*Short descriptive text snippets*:
*** Begin section ***

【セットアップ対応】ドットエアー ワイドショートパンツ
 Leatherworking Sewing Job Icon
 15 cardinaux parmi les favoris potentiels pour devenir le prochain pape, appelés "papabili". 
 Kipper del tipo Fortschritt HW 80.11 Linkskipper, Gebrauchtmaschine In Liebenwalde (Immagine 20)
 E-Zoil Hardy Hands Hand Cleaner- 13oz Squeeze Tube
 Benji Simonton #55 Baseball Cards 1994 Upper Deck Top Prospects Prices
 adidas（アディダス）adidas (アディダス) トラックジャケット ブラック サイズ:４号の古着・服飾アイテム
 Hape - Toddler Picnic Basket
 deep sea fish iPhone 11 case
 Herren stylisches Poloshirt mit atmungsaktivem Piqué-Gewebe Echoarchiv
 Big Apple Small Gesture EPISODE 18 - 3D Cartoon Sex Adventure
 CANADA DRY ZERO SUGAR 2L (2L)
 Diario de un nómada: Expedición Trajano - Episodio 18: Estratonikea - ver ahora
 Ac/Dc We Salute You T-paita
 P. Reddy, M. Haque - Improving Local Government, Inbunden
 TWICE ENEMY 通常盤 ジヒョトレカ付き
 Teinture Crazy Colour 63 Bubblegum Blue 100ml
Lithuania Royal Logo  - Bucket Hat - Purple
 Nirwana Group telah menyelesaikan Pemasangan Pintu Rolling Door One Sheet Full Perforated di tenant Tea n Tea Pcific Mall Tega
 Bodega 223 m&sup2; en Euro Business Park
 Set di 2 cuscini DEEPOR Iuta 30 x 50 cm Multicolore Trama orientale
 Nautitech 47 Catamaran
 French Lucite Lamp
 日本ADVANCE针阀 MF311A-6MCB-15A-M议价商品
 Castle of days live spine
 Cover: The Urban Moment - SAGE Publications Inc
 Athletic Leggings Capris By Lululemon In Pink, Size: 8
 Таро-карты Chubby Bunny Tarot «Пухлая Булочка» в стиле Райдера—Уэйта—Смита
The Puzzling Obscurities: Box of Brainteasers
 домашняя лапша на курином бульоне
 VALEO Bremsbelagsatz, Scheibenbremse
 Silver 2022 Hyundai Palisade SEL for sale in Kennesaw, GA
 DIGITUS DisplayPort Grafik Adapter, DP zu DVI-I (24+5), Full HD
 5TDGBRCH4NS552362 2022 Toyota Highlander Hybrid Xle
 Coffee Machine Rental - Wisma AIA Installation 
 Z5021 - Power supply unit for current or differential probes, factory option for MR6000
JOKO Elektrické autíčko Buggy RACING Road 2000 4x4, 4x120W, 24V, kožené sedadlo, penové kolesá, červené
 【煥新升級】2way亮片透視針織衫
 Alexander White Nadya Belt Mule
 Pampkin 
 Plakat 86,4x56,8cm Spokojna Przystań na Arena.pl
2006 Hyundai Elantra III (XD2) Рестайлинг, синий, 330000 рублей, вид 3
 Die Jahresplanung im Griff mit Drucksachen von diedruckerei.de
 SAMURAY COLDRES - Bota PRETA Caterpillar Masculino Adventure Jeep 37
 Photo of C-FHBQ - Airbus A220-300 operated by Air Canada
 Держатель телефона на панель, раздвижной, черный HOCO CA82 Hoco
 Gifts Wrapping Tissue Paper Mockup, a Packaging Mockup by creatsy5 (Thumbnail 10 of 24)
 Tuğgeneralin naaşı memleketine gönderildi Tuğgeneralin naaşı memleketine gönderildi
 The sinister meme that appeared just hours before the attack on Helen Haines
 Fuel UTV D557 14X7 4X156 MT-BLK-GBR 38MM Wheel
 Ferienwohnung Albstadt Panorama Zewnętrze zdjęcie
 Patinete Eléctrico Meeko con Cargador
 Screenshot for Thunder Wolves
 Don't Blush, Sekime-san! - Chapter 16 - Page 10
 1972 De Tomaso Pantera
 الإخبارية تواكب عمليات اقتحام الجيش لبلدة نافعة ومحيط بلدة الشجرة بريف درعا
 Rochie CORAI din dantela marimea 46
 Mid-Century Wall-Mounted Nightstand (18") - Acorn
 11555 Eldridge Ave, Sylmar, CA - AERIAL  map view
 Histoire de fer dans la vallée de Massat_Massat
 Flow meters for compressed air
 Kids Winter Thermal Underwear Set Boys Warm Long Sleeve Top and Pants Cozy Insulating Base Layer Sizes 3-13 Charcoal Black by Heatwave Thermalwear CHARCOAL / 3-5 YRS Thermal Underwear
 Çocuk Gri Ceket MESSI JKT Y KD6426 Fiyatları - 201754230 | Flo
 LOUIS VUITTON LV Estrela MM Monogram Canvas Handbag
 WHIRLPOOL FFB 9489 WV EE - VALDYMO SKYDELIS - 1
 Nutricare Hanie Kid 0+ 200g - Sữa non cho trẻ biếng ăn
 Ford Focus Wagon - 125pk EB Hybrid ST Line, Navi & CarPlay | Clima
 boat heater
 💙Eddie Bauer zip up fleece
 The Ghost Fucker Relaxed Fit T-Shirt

*** End section ***

Could you return the complete set of entries exactly?

【セットアップ対応】ドットエアー ワイドショートパンツ
 Leatherworking Sewing Job Icon
 15 cardinaux parmi les favoris potentiels pour devenir le prochain pape, appelés "papabili". 
 Kipper del tipo Fortschritt HW 80.11 Linkskipper, Gebrauchtmaschine In Liebenwalde (Immagine 20)
 E-Zoil Hardy Hands Hand Cleaner- 13oz Squeeze Tube
 Benji Simonton #55 Baseball Cards 1994 Upper Deck Top Prospects Prices
 adidas（アディダス）adidas (アディダス) トラックジャケット ブラック サイズ:４号の古着・服飾アイテム
 Hape - Toddler Picnic Basket
 deep sea fish iPhone 11 case
 Herren stylisches Poloshirt mit atmungsaktivem Piqué-Gewebe Echoarchiv
 Big Apple Small Gesture EPISODE 18 - 3D Cartoon Sex Adventure
 CANADA DRY ZERO SUGAR 2L (2L)
 Diario de un nómada: Expedición Trajano - Episodio 18: Estratonikea - ver ahora
 Ac/Dc We Salute You T-paita
 P. Reddy, M. Haque - Improving Local Government, Inbunden
 TWICE ENEMY 通常盤 ジヒョトレカ付き
 Teinture Crazy Colour 63 Bubblegum Blue 100ml
Lithuania Royal Logo  - Bucket Hat - Purple
 Nirwana Group telah menyelesaikan Pemasangan Pintu Rolling Door One Sheet Full Perforated di tenant Tea n Tea Pcific Mall Tega
 Bodega 223 m&sup2; en Euro Business Park
 Set di 2 cuscini DEEPOR Iuta 30 x 50 cm Multicolore Trama orientale
 Nautitech 47 Catamaran
 French Lucite Lamp
 日本ADVANCE针阀 MF311A-6MCB-15A-M议价商品
 Castle of days live spine
 Cover: The Urban Moment - SAGE Publications Inc
 Athletic Leggings Capris By Lululemon In Pink, Size: 8
 Таро-карты Chubby Bunny Tarot «Пухлая Булочка» в стиле Райдера—Уэйта—Смита
The Puzzling Obscurities: Box of Brainteasers
 домашняя лапша на курином бульоне
 VALEO Bremsbelagsatz, Scheibenbremse
 Silver 2022 Hyundai Palisade SEL for sale in Kennesaw, GA
 DIGITUS DisplayPort Grafik Adapter, DP zu DVI-I (24+5), Full HD
 5TDGBRCH4NS552362 2022 Toyota Highlander Hybrid Xle
 Coffee Machine Rental - Wisma AIA Installation 
 Z5021 - Power supply unit for current or differential probes, factory option for MR6000
JOKO Elektrické autíčko Buggy RACING Road 2000 4x4, 4x120W, 24V, kožené sedadlo, penové kolesá, červené
 【煥新升級】2way亮片透視針織衫
 Alexander White Nadya Belt Mule
 Pampkin 
 Plakat 86,4x56,8cm Spokojna Przystań na Arena.pl
2006 Hyundai Elantra III (XD2) Рестайлинг, синий, 330000 рублей, вид 3
 Die Jahresplanung im Griff mit Drucksachen von diedruckerei.de
 SAMURAY COLDRES - Bota PRETA Caterpillar Masculino Adventure Jeep 37
 Photo of C-FHBQ - Airbus A220-300 operated by Air Canada
 Держатель телефона на панель, раздвижной, черный HOCO CA82 Hoco
 Gifts Wrapping Tissue Paper Mockup, a Packaging Mockup by creatsy5 (Thumbnail 10 of 24)
 Tuğgeneralin naaşı memleketine gönderildi Tuğgeneralin naaşı memleketine gönderildi
 The sinister meme that appeared just hours before the attack on Helen Haines
 Fuel UTV D557 14X7 4X156 MT-BLK-GBR 38MM Wheel
 Ferienwohnung Albstadt Panorama Zewnętrze zdjęcie
 Patinete Eléctrico Meeko con Cargador
 Screenshot for Thunder Wolves
 Don't Blush, Sekime-san! - Chapter 16 - Page 10
 1972 De Tomaso Pantera
 الإخبارية تواكب عمليات اقتحام الجيش لبلدة نافعة ومحيط بلدة الشجرة بريف درعا
 Rochie CORAI din dantela marimea 46
 Mid-Century Wall-Mounted Nightstand (18") - Acorn
 11555 Eldridge Ave, Sylmar, CA - AERIAL  map view
 Histoire de fer dans la vallée de Massat_Massat
 Flow meters for compressed air
 Kids Winter Thermal Underwear Set Boys Warm Long Sleeve Top and Pants Cozy Insulating Base Layer Sizes 3-13 Charcoal Black by Heatwave Thermalwear CHARCOAL / 3-5 YRS Thermal Underwear
 Çocuk Gri Ceket MESSI JKT Y KD6426 Fiyatları - 201754230 | Flo
 LOUIS VUITTON LV Estrela MM Monogram Canvas Handbag
 WHIRLPOOL FFB 9489 WV EE - VALDYMO SKYDELIS - 1
 Nutricare Hanie Kid 0+ 200g - Sữa non cho trẻ biếng ăn
 Ford Focus Wagon - 125pk EB Hybrid ST Line, Navi & CarPlay | Clima
 boat heater
 💙Eddie Bauer zip up fleece
 The Ghost Fucker Relaxed Fit T-Shirt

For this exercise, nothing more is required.